◆ **WHAT THE TASK ASKS**: Run through the records and, wherever a line holds the word "from", return that line.

◆ **RECORDS TO PROCESS**:
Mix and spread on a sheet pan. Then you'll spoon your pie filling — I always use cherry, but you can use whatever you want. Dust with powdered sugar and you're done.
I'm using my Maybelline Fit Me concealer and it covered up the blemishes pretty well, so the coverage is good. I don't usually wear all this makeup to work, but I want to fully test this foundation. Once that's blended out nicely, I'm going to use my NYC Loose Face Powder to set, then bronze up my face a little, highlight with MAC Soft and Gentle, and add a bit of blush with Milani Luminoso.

* * *

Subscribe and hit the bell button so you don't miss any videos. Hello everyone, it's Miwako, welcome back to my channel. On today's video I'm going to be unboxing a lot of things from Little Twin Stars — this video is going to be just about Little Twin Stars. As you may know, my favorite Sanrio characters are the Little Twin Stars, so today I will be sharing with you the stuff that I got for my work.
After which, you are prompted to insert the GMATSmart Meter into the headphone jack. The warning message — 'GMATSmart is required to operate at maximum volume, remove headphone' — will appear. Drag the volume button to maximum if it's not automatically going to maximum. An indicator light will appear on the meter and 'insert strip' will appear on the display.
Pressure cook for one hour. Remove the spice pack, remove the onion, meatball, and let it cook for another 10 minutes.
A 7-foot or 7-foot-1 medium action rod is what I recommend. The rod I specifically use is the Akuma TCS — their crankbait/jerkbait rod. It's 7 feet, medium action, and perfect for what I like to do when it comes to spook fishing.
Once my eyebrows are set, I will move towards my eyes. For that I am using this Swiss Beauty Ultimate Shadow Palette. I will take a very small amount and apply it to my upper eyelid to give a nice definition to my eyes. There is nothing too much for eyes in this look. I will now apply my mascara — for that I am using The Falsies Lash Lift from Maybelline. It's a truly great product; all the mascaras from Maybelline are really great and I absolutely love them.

◆ **YOUR RESPONSE**:
Subscribe and hit the bell button so you don't miss any videos. Hello everyone, it's Miwako, welcome back to my channel. On today's video I'm going to be unboxing a lot of things from Little Twin Stars — this video is going to be just about Little Twin Stars. As you may know, my favorite Sanrio characters are the Little Twin Stars, so today I will be sharing with you the stuff that I got for my work.
Once my eyebrows are set, I will move towards my eyes. For that I am using this Swiss Beauty Ultimate Shadow Palette. I will take a very small amount and apply it to my upper eyelid to give a nice definition to my eyes. There is nothing too much for eyes in this look. I will now apply my mascara — for that I am using The Falsies Lash Lift from Maybelline. It's a truly great product; all the mascaras from Maybelline are really great and I absolutely love them.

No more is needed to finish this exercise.